Given material:
***
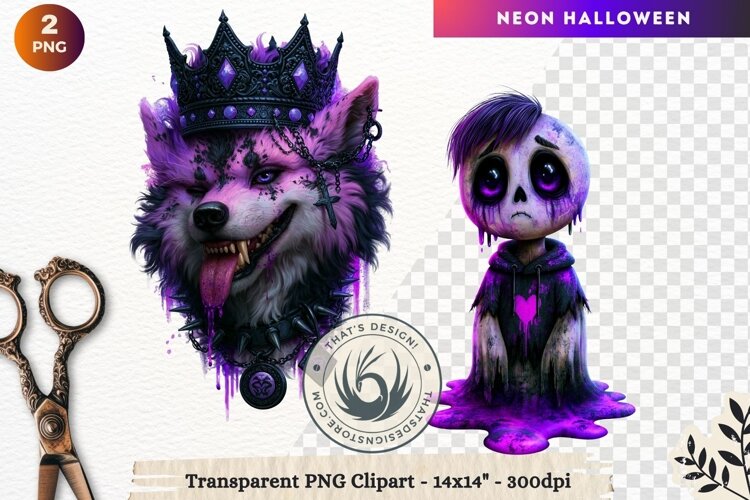 Neon Halloween Character Clipart Spooky Kawaii example image 1
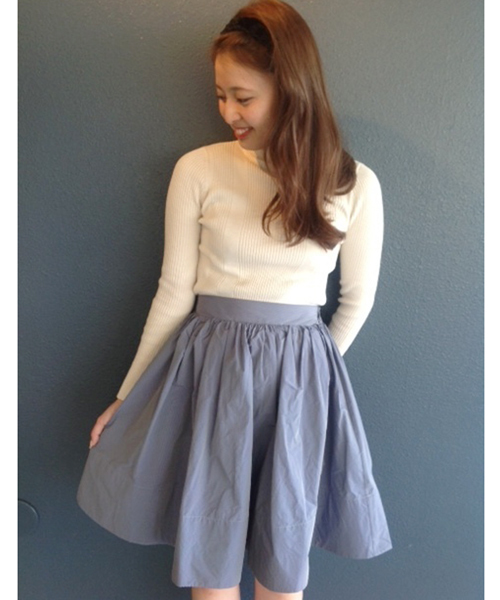 Chico（チコ）の「ストライプタフタSK（スカート・レディース・ホワイト系その他/ブルー系その他/ネイビー/グリーン・FREE）」の4枚目の写真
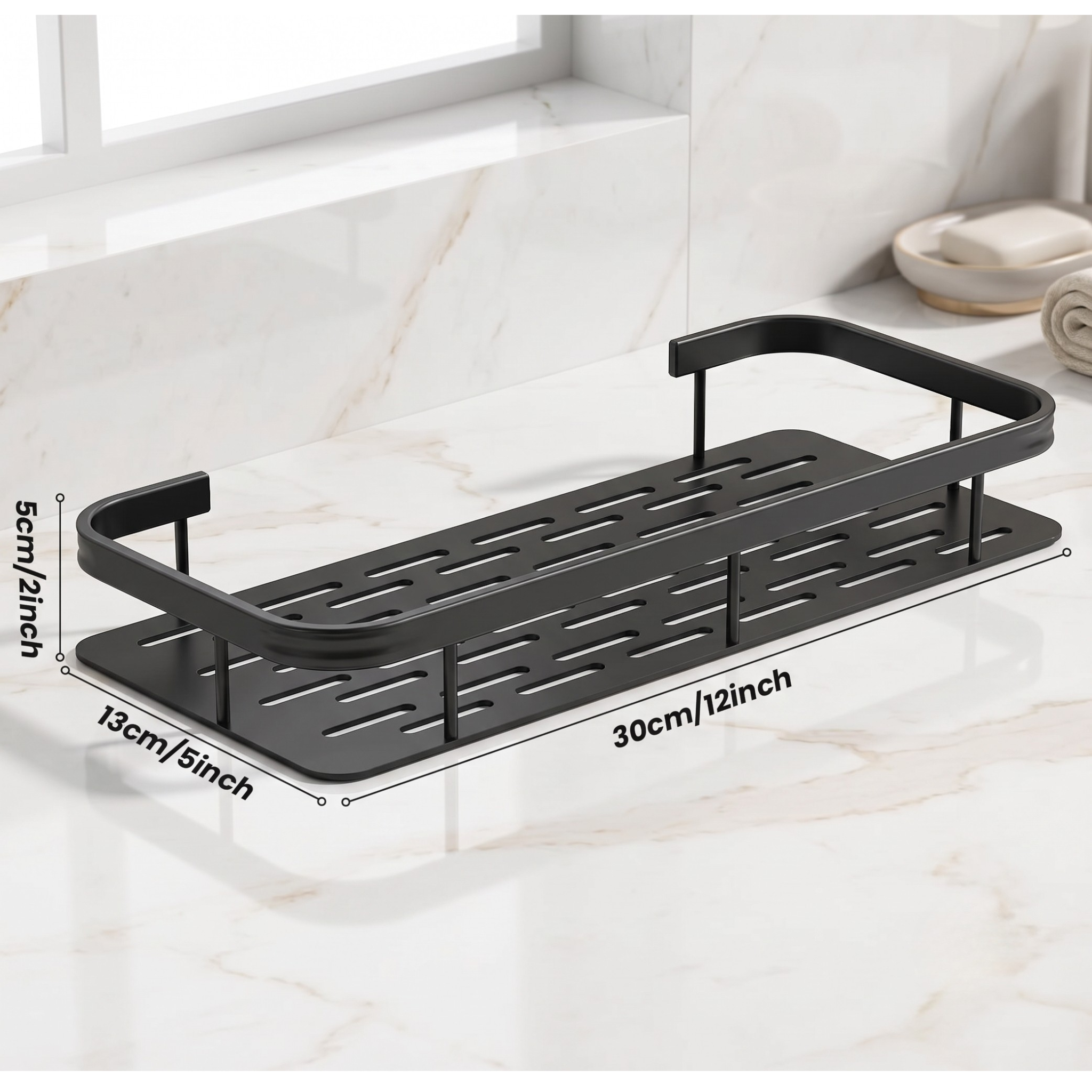 Wall Mounted Self Adhesive Storage Shelf | Rack for Bathroom & Kitchen Aluminium Wall Shelf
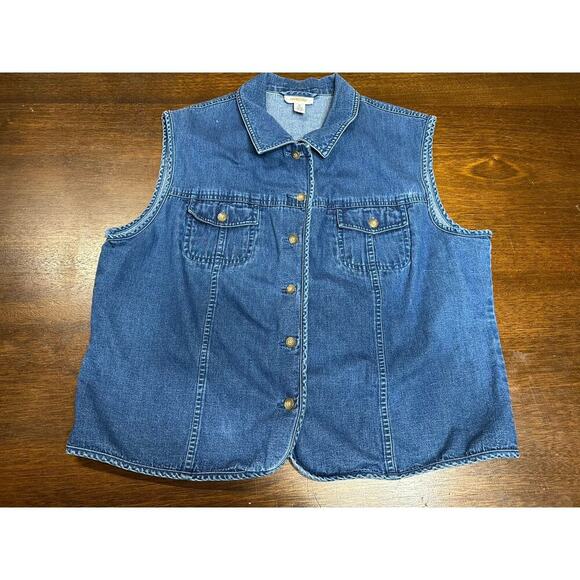 VTG Talbots Denim Top Women XL Y2K Clueless Grunge Coquette Festival Feminine - Picture 1 of 8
***
Activity: Set down the material above exactly as it reads, but not its pictures.

Exercise solution:
 Neon Halloween Character Clipart Spooky Kawaii example image 1
 Chico（チコ）の「ストライプタフタSK（スカート・レディース・ホワイト系その他/ブルー系その他/ネイビー/グリーン・FREE）」の4枚目の写真
 Wall Mounted Self Adhesive Storage Shelf | Rack for Bathroom & Kitchen Aluminium Wall Shelf
 VTG Talbots Denim Top Women XL Y2K Clueless Grunge Coquette Festival Feminine - Picture 1 of 8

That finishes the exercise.